Ces mesures ne manquent pas de surprendre, de choquer et de susciter des doutes.
Mme Nicole Borvo Cohen-Seat. Pourtant, cela figurait également dans le programme de Nicolas Sarkozy !
M. Gilbert Barbier. Certes, une telle réforme est nécessaire, mais il faut qu'elle soit concertée, objective et équitable. (M. Jean-Pierre Sueur applaudit.)
Si le niveau d'activité est le critère déterminant, je signale que sont conservés trente-six tribunaux d'instance dont l'activité est moindre que celui de Dole.
Si c'est la trop grande proximité d'un autre tribunal qui justifie une fermeture, je vous fais remarquer, madame le garde des sceaux, que Dole se situe à quelque 55 kilomètres de Lons-le-Saunier, avec des liaisons qui ne sont vraiment pas pratiques.
Et si c'est le principe d'un tribunal de grande instance par département qui prévaut, j'observe que neufs départements d'importance voisine conservent deux tribunaux.
Dans ces conditions, madame le garde des sceaux, nous ne comprenons pas votre choix, qui semble fondé sur considérations pour le moins subjectives.
Le 15 octobre dernier, les chefs de cour faisaient valoir ceci : « Compte tenu de la géographie du Jura et de l'importance de bassin économique et démographique de Dole, le maintien d'un tribunal détaché à Dole sous l'autorité d'un vice-président, avec un ministère public dirigé par un vice-procureur conservant une compétence étendue tant au civil qu'au pénal, paraît s'imposer. »
Madame le garde des sceaux, entendez-vous donner quelque écho à ces recommandations, qui ne sont pas de mon fait ?
Mme Nicole Borvo Cohen-Seat. La réponse est non !
M. Gilbert Barbier. La région doloise est fragile. Située dans le sillon Rhin-Rhône, elle se trouve au centre d'un vaste réseau international de drogue qui emprunte un grand axe nord-sud. Les années passées sont là pour en témoigner.
Une amélioration importante a été notée avec les procédures de comparution immédiate. Qu'en sera-t-il demain avec les comités de prévention de la délinquance, les politiques de prévention dans les quartiers en difficulté ou les opérations de renouvellement urbain ?
Madame le garde des sceaux, j'attire votre attention sur ce point non pas par égoïsme local, mais au nom de la protection régalienne que notre jeunesse est en droit d'attendre. Ne détruisez pas ce qui fonctionne bien. J'espère que vous saurez m'entendre. (M. Jean-Luc Mélenchon applaudit.)
M. le président. La parole est à Mme le garde des sceaux.
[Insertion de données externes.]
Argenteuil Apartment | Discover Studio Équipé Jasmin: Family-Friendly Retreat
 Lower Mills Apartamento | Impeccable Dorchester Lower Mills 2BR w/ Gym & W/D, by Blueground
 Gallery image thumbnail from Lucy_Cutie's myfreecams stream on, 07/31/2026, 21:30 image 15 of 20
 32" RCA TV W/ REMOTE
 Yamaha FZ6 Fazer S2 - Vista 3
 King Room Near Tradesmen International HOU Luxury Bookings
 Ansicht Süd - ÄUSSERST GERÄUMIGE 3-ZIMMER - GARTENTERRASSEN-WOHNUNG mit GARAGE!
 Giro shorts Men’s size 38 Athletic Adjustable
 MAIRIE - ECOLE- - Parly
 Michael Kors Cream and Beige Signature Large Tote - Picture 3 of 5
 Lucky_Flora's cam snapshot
Mme Rachida Dati, garde des sceaux, ministre de la justice. Monsieur le sénateur, avec 255 000 habitants, le département du Jura a deux tribunaux de grande instance.
Nous avons examiné les recommandations des chefs de cour, que vous avez d'ailleurs mentionnées.
Pour des raisons d'activité judiciaire, mais également de contentieux, nous avons souhaité regrouper les deux tribunaux de grande instance sur le site de Lons-le-Saunier.
Néanmoins, nous maintenons un tribunal d'instance « renforcé » à Dole. Cela signifie que tout le contentieux de proximité continuera d'être traité dans cette ville. Or il faut savoir que les affaires familiales, contentieux de proximité par excellence, constituent aujourd'hui l'essentiel de l'activité civile du tribunal de grande instance de Dole.
Pour ce qui est des affaires pénales, conformément aux recommandations des chefs de cour, un magistrat référent du tribunal de grande instance de Lons-le-Saunier sera spécifiquement chargé des procédures pénales relevant actuellement du ressort du tribunal de grande instance de Dole.
En outre, vous avez fait référence aux différentes instances des politiques publiques de prévention de la délinquance. Sachez que celles-ci continueront de fonctionner et qu'un magistrat y sera toujours affecté.
En conclusion, les affaires civiles de proximité resteront traitées à Dole, par le tribunal d'instance, et les procédures pénales intéressant Dole et sa région seront spécifiquement suivies par un magistrat référent. (Applaudissements sur les travées de l'UMP.)